At press time, Democratic challenger Joe Biden was leading incumbent President and Republican Donald Trump in a race that could still require several days to declare a winner. And the Trump campaign filed a lawsuit on Wednesday, Nov. 4, to legally halt the vote count still going on in Michigan, and could still seek recounts in other, closely contested states.

The battle for the US Senate was also unsettled. At press time, the Democrats had secured 46 seats, Republicans had secured 47 seats, and seven races were yet to be decided.

But Dr. Boris Ricks, Ph.D, an associate professor in political science at Cal State University, Northridge, said he could envision several different versions of America emerging once the final results of the 2020 general election are all sorted out.

If Biden is the winner, Ricks said his election could help restore the US’s presence and reputation in a positive way in the eyes of the international community.

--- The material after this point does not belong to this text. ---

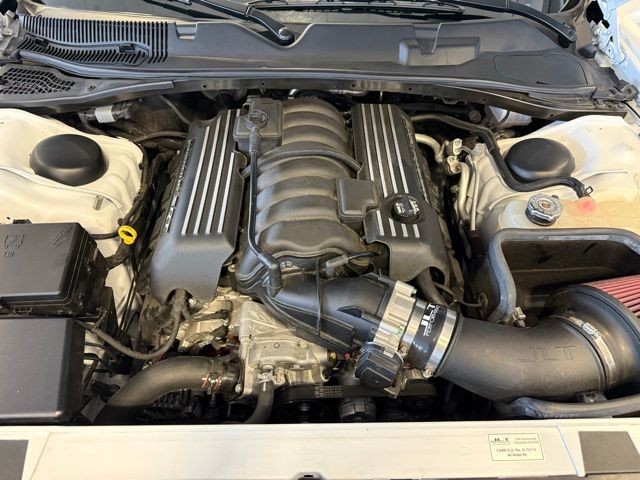 Dodge Challenger Vehicle Full-screen Gallery Image 25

“I think we’d gain an opportunity with other nations to restore that position we once held as a world leader as opposed to being a contrarian or not necessarily leading,” Ricks said. “Once that luster is restored in the international relations community, I think that speaks volumes for us to take care of things domestically.”

If Biden does not have a Democratic Senate to help push forward his legislative agenda, it could make for a rocky first term, Ricks said. And the Democrats also had losses in the House of Representatives, although they still outnumber Republicans there.

But Ricks pointed out that Biden’s years of experience in the Senate could provide some pathways to legislative solutions in what continues to be a divided government.

“Biden — having served in the Senate as long as he did — understands and moves with the idea of bipartisanship,” Ricks said. “It’s a tenant the Senate once operated by. It no longer operates by that tenant; it operates by a tenant of partisanship.

“With a Biden victory, bipartisanship enters the equation. There will be a shift in policies. I think we could be re-writing the tax codes; we could be talking about [changing] tax cuts for the wealthy to the mid-tier, and that is important. I think we would focus more on restoring the economy, with jobs that provide livable wages.”

If Trump is re-elected, the professor said, do not expect much change in how the White House approaches the nation’s business  — be it the economy or immigration for example, — and particularly if the Senate remains in control of Republicans.

“You’ll get ‘Trump 2.0,’ Ricks said. “You’ll get the same reactionary policies coming from the White House, imposed by the Senate if the Senate doesn’t flip. You’ll get the same of what you’ve had the past four years.”

What concerned Ricks most about a Trump victory was what he believes is a lack of interest in the nuts-and-bolts demands of being the leader of the country.

“You would have…an executive that believes the President is ruler/king. That’s how he thinks of himself,” Ricks said.

“I would argue that Donald Trump isn’t interested in governing; Donald Trump is interested in being called the President. He is not interested in the responsibilities of the office, he’s only interested in what the title of the office brings.”